Reputation: 155
I'm using ggdist
(which is awesome) to show variability within a sample. I have a series of means, SDs, and std.errors and I want to use the stat_interval()
function to show the 50%, 80%, 90%, and 95% confidence intervals of these samples. It seems that they're calculating something different because the intervals being plotted are very different to when I calculate confidence intervals manually. Does anyone know what I'm doing wrong / what the function is doing?
The 95% CI of Sample 1 in the attached plot should be from 39.38 - 39.62 but it's being plotted much larger (nearly 38.5 - 40.5, see image).
Reprex ↓
library(tidyverse)
library(ggdist)
data <- tibble::tribble(
~n, ~mean, ~SD, ~se,
"Sample 1", 39.5, 0.5, 0.0625,
"Sample 2", 39.4, 0.6, 0.0750
)
data |>
ggplot(aes(xdist = dist_normal(mean, SD), y = fct_rev(factor(n)))) +
stat_interval(.width = c(.5, .8, .9, .95), position = "dodge")
Upvotes: 2
Views: 472
Reputation: 1
One way to get 95% CI in your plot would be to simply add a stat_summary() function to your plot. For example:
stat_summary(aes(y = VAR), fun.data = mean_cl_boot, geom = "errorbar", width = 0, size = 1, color = "black")

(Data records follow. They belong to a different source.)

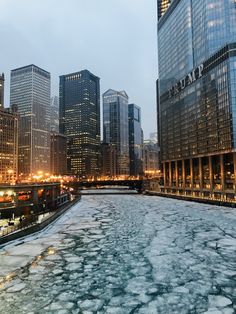 an icy river in the middle of a city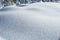 Glistening sunlight on crystalized snow covered field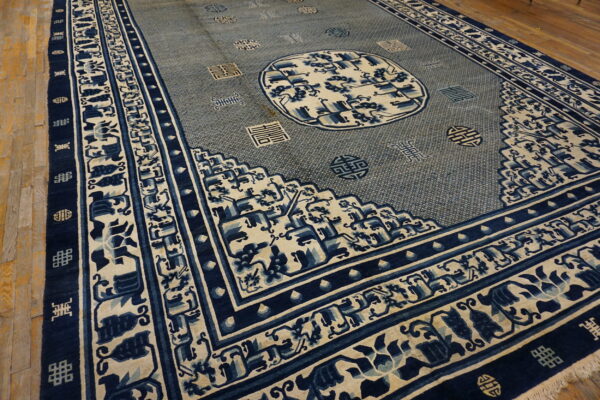 Large indigo and cream rug featuring a complex central medallion and symbolic borders on wooden flooring.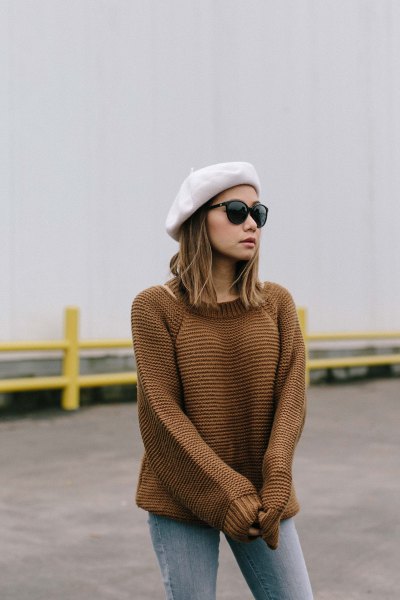 white painter's hat with knit sweater and gray jeans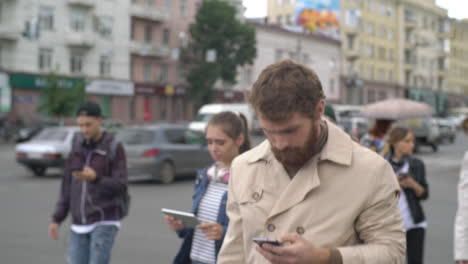 Young-Blond-Man-In-Raincoat-Walking-Down-The-Street-And-Using-Smartphone,-In-The-Background-People-Walking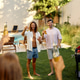 Friends raising bottled drinks at summer backyard barbecue by pool Friends raising bottled drinks at summer backyard barbecue by pool - PhotoDune Item for Sale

if then you don't want the point and interval from the stat_interval() function to show in your plot, you can make it invisible by setting interval_alpha and point_alpha = 0 within stat_interval()
Upvotes: 0
Reputation: 83
I believe the ranges being plotted are simply the quantiles, not confidence intervals. e.g.:
> quantile(rnorm(10000, 39.5, 0.5), c(0.025, 0.975 ))
2.5% 97.5%
38.49979 40.46578
For confidence intervals, I think you are looking for Students T. e.g.:
data %>%
ggplot(aes(xdist = distributional::dist_student_t( 63, mean, se), y = fct_rev(factor(n)))) +
stat_interval(.width = c(.5, .8, .9, .95), position = "dodge")
Upvotes: 2